Retype, word for word, every line starting at the line with "Vertical Round Bottles" and ending with the final line of the entries; skip the pictures.

Short web captions:
= = = =

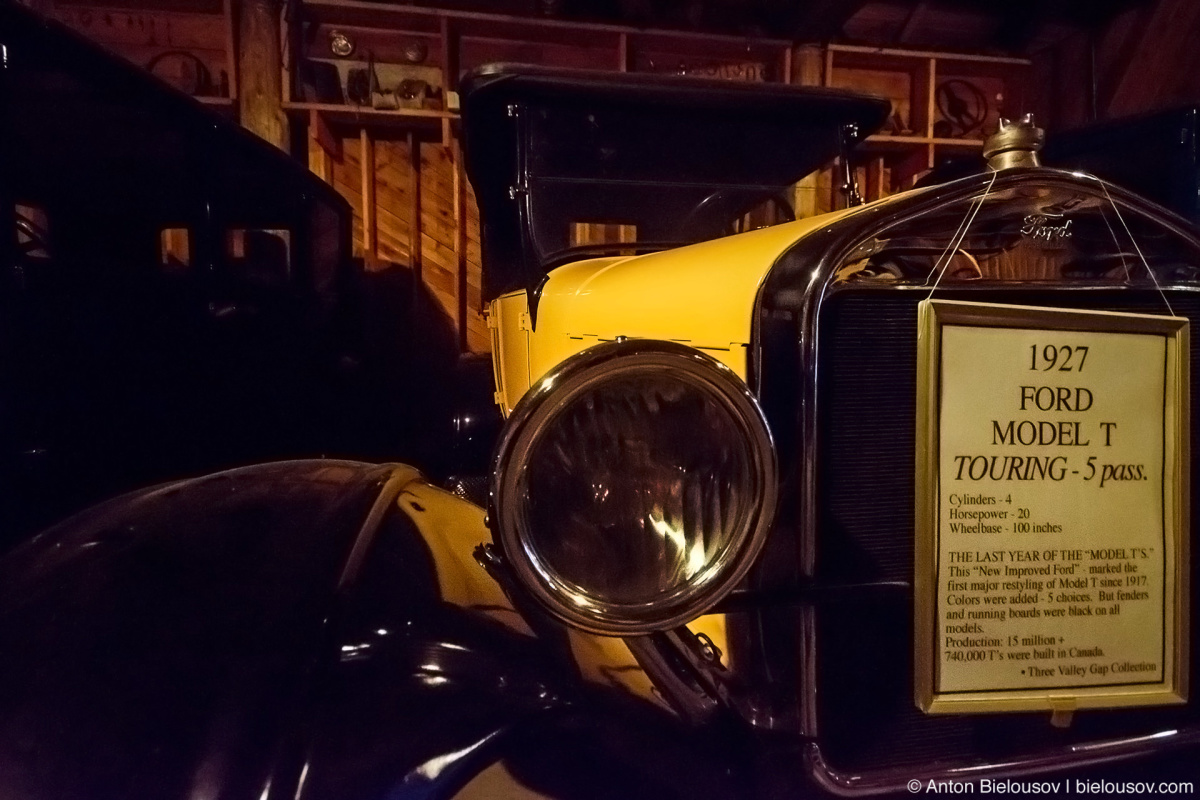 Ford Model T — Three Valley Gap Heritage Ghost Town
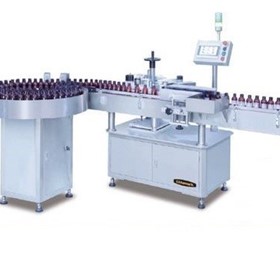 Vertical Round Bottles Labeling Machine A 101 Series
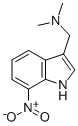 7-Nitrogramine CAS#: 1654-34-8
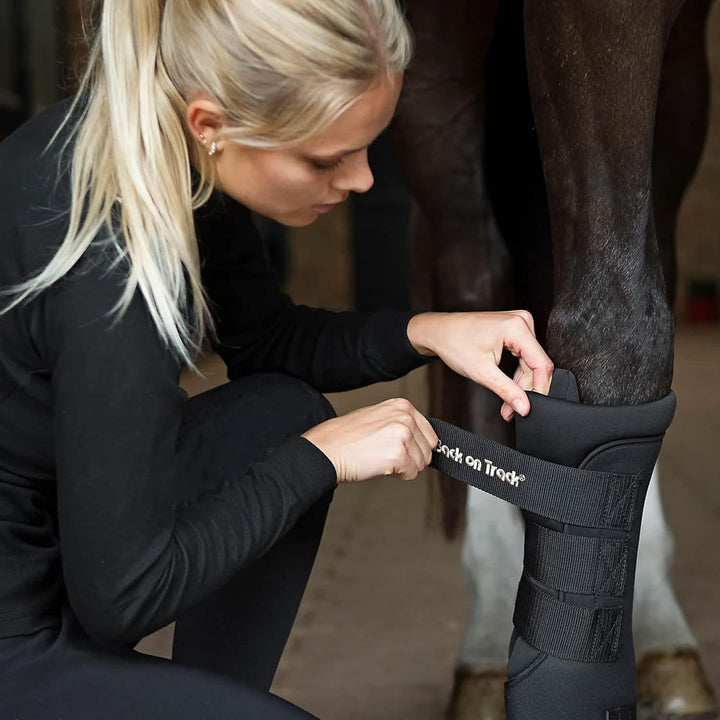 Back on Track Stallstiefel royal 12 navy, 12 navy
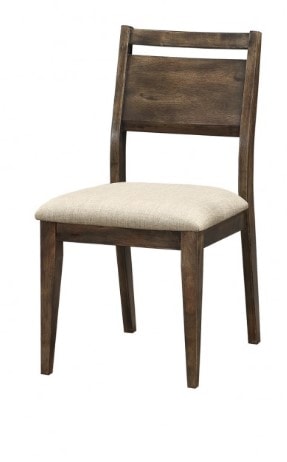 Rustic Cushion Side Chair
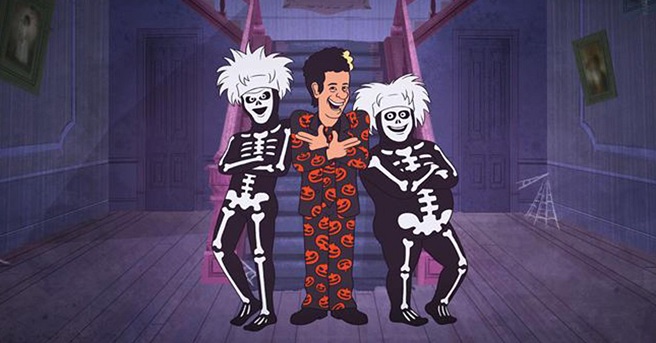 David S. Pumpkins Tom Hanks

= = = =

### [Response below]
 Vertical Round Bottles Labeling Machine A 101 Series
 7-Nitrogramine CAS#: 1654-34-8
 Back on Track Stallstiefel royal 12 navy, 12 navy
 Rustic Cushion Side Chair
 David S. Pumpkins Tom Hanks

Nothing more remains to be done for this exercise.